Description physique:



Castiel ne se considère pas comme un sex symbol, un mec sur lequel on se retourne dans la rue. Oh et pourtant, il est loin d'être affreux et il le sait. La première chose qui attire le regard chez la gente féminine, ce sont ses yeux. Bleus azurés. Les personnes qu'il a connues dans sa vie le lui ont dit. Il s'était juste demandé ce qu'elles avaient bu comme substance illicites pour dire ça. Non, il ne se voit pas comme quelqu'un comme sortant du lot, et il a du mal à concevoir le fait que ses yeux puisse être une arme de séduction massive. La séduction n'est pas sa tasse de thé. C'est dommage car si il l'avait voulu, on auraient pu faire de lui le genre beau brun ténébreux avec sa tignasse brune sur le sommet de son crâne, coiffés à la façon : j'ai fait trop de choses cette nuit pour avoir eu le temps de les coiffer ce matin. Il serait plus logique de dire qu'il n'arrive pas vraiment à les mettre en ordre, c'est un combat quotidien, sérieusement, ne vous moquez pas c'est très grave.
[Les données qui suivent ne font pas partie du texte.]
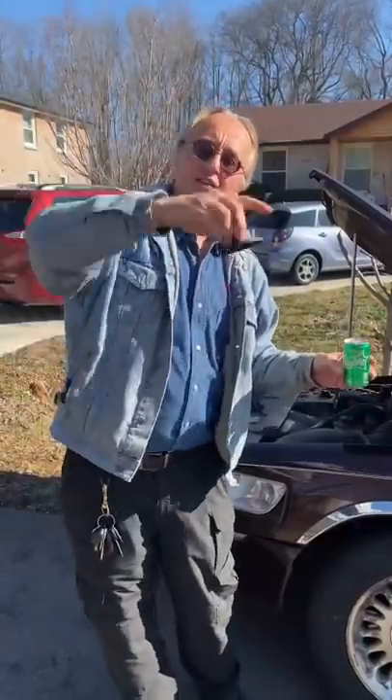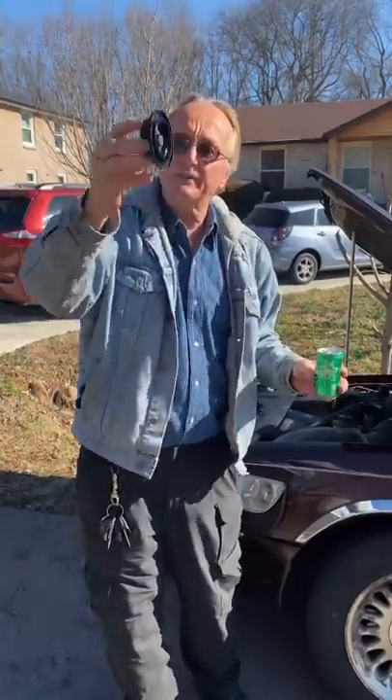So if you want your coolant to stay inside your radiator, just change your cap every five or six years.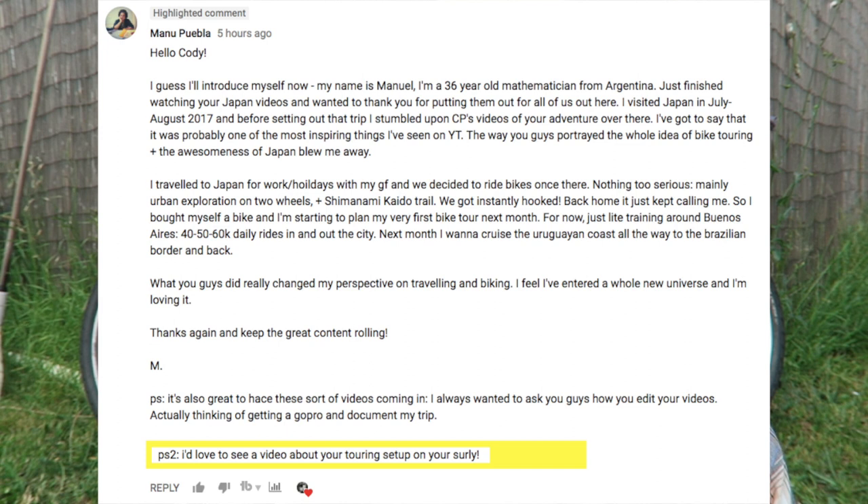I've had quite a few questions about showing my bike touring setup. I recently got a comment from Manu on a video - a really awesome comment. Essentially he was saying I changed his perspective on traveling and biking, and he feels like he's entered a whole new universe. One of the PS's in the comment was: 'I'd love to see a video about your touring setup on your Surly.'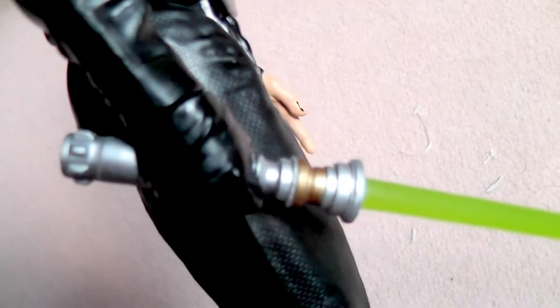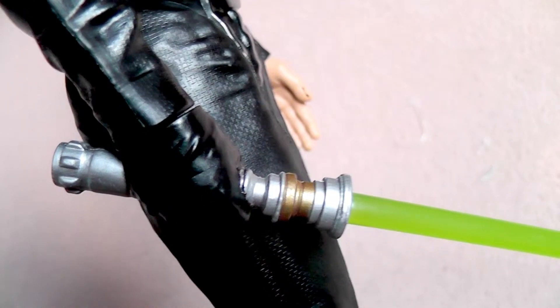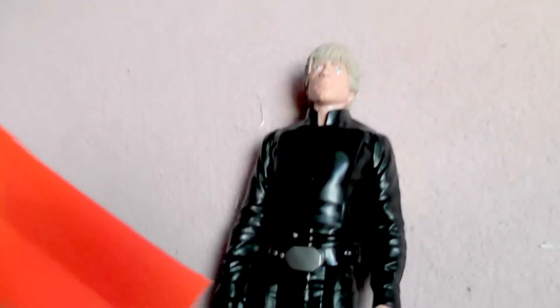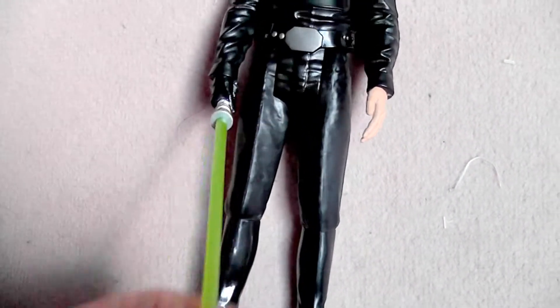This is how his lightsaber looks. The handle is in his hand and the blade is removable. Just mind the little tape that holds the blade in the box - notice the tape, or you'll pull out the blade and maybe curve it and damage it. That's so sad because they're so well made.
L'autre combat quotidien de tout homme, celui de se raser est différent. S'il laisse souvent apparaître un début de barbe, ce n'est pas par ce qu'il n'a pas de rasoir adéquat, c'est juste qu'il a la flemme de passer devant la glace. Le reste de son corps? Et bien, il n'est pas difforme si c'est ce que vous voulez savoir. Ce qu'il faut ou il faut ( il ne sera jamais champion du monde de culturisme c'est certain), bref, un homme relativement normal. Il met toujours un point d'honneur à rester habillé correctement et ce peut importe les circonstances car on ne sait jamais de quoi la journée sera faite. Ainsi il ne sort jamais sans porter à sa tenue un soin particulier. Qu'il porte chemise ou un simple tee shirt, il n'a pas envie de ressembler à un clochard pour autant.

Histoire :



Castiel est né à Londres au debut du mois de septembre. Ses parents prirent sa naissance pour un miracle. Sa mère étant censée être stérile, tomber enceinte était pour elle une réelle bénédiction, elle qui souhaitait plus que tout devenir mère. Son père est éducateur sportif et sa mère professeur d'histoire, ainsi donc, il vit le jour dans une famille sans besoin particulier. Ils vivent dans une maison du quartier résidentiel de Londres, à Epsom, avec des voisins normaux, des amis normaux, une famille normale dans la mesure du possible bien sûr. Il est élevé dans la religion catholique ( les prières le soir et avant de dîner, la messe le dimanche par exemple, faisaient partie de son quotidien) et vit avec sans jamais se poser de question la dessus. Son père vouant un amour inconditionnel au sport, il est normal que son fils en fasse de même. Castiel alors âgé de cinq ans, a envie d'un sport de combat sans pour autant risquer de se casser une dent ( chochotte vous avez dit?). La lutte, la boxe et le catch le fascine, mais jamais, ô grand jamais il n'osera monter sur un ring. Il préféra se rendre sur les tatamis pour faire du karaté. Il y trouvait une certaine grâce dans ces sports la, les arts martiaux. Sa mère était ravie que son fils plutôt chétif sache se défendre, sait on jamais. Mais ce n'est pas par ce qu'il s'est trouvé un nouveau passe temps qu'il doit délaisser ses études. Pour ça, Mme Wilde n'a aucun soucis à se faire, son fils est un petit génie. Enfin ça dépends des matières. Tout ce qui tourne vers la littérature, les langues étrangères, l'histoire et la géographie, l'art et plus tard la philosophie, il y excelle. Les matières scientifique en revanche, c'est moins joyeux, et aussi loin qu'allait sa mémoire, il n'a jamais eu de note au dessus de la moyenne la dedans. Nul le mot était bien choisi. Et les cours particuliers n'y pouvaient rien. Certes il savait calculer, mais pour lui, les théorèmes en tout genre étaient un des plus grand mystères de l'humanité. Tel fut son enfance, une famille aimante et croyante, les cours de karaté, l'école et quelques amis par ci par la.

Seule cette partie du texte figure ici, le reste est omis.